In May, there was a new milestone for the Event Horizon Telescope, the telescope network that was the first to take a picture of a black hole in 2019. This time a snapshot was taken of ‘our’ Sagittarius A*: the black hole in the center of the Milky Way.

In addition, a black hole was found in September that is even closer to Earth. Gaia BH1 is 1,500 light-years away, a cosmic stone’s throw. The black hole was discovered in data from the Gaia space telescope, which released a wealth of new information about the Milky Way in June.

The American space agency NASA had a first in September: the DART spacecraft then hit asteroid Dimorphos. As planned, the impact significantly altered the asteroid’s orbit.
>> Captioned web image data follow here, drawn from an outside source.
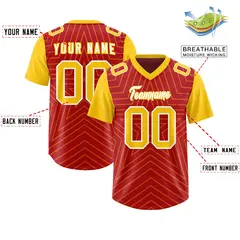 Red Gold Star Pattern Raglan Sleeves Football Jersey 2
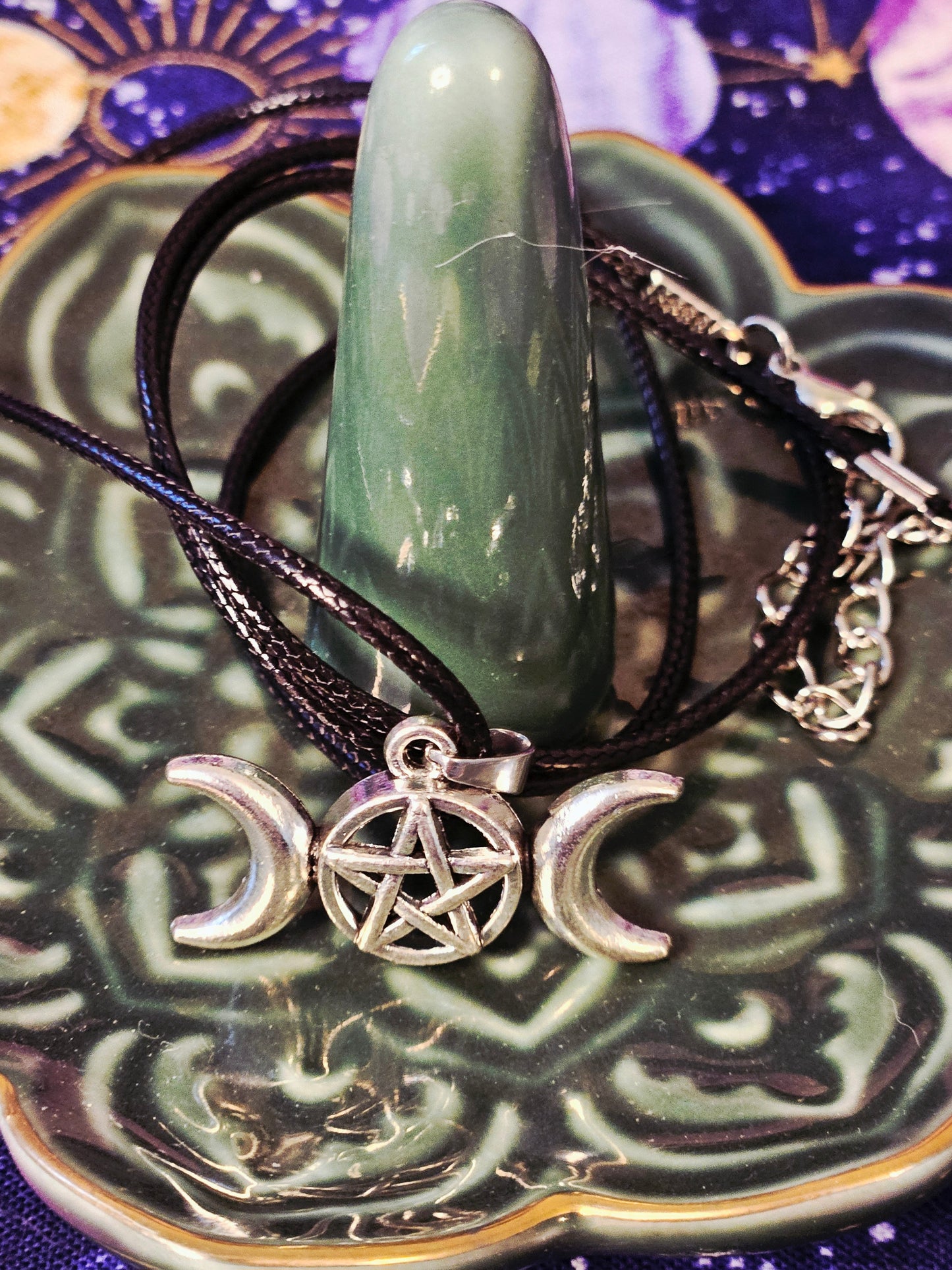 Silver Triple Moon Pentagram on Black Leather Necklace Chord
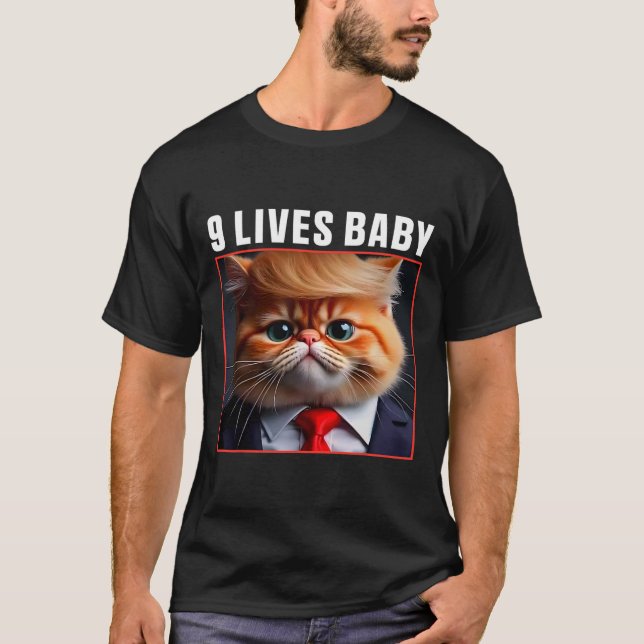 T-shirt Chat Trump 9 Vit Bébé Drôle Vote Pour Trump Chats  (Devant)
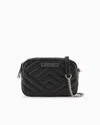 Armani Exchange Quilted Shoulder Bag With Chain Strap In Black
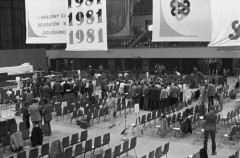Październik 1981, Gdańsk, Polska..
Widok sali obrad I Krajowego Zjazdu Delegatów NSZZ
Hopefully, we’ll never have to use the knowledge this provides, but if a space rock ever crashes into Earth, it could be of great help.

Read also: First images show impact of crash space probe DART

AI is advancing further

In the field of creativity, artificial intelligence (AI) has made the step to the general public in 2022. Now everyone can play with text to image generators like DALL-E 2 the internet is flooded with bizarre images.

Also the launch of ChatGPT, a publicly accessible chatbot from OpenAI, captures the imagination of many people. At the same time, there is a fear of abuse. As more and more companies take advantage of these AI systems, the debate over their use will intensify.

Furthermore, after chess and go, AI was also the boss in board game Stratego this year, a game with an unimaginably high number of possible scenarios. In mathematics, there is a real arms race between man and machine in the field of matrix multiplication.

Then there was also a bit of scary AI news: a new artificial intelligence system can use brain scans to measure that someone is thinking about a specific concept such as eating or sleeping. And something less scary: a fully robotized washing system can put laundry in the washing machine, select the right program and also unload the laundry.

Merger milestone

At the end of the year, the field of nuclear fusion achieved a potentially significant milestone. Researchers at Lawrence Livermore National Laboratory in California were the first to create a fusion reaction that produced more energy than was put into it. However, much work remains to be done before nuclear fusion can become a commercial energy source.

In other big nuclear fusion news: the Korean reactor KSTAR (Korea Superconducting Tokamak Advanced Research) sustained a reaction for 30 seconds at temperatures above 100 million degrees.

Closer to home, physicists at TU Delft have developed a superconductor that allows electricity to flow in one direction. This spectacular fluke can dramatically reduce computer power consumption.

Energy record

Finally, physicists have been trying all year to find out whether our view of reality needs to be revised. A shocking announcement in April suggested that the mass of a fundamental particle, the W boson, is very different from what the Standard Model of particle physics predicts. The result has held up so far, and will remain a major mystery to be solved if we are ever to fully understand the building blocks of the universe.

Read also: What will happen in particle physics ten years after the discovery of the Higgs boson?

Fortunately, the Large Hadron Collider, the particle accelerator at CERN, can help unravel these kinds of mysteries. After a three-year maintenance break, the accelerator was back in operation in May, immediately resulting in an energy record. With the new deluge of measurements, physicists hope to determine definitively in the coming years where the standard model of particle physics should be expanded.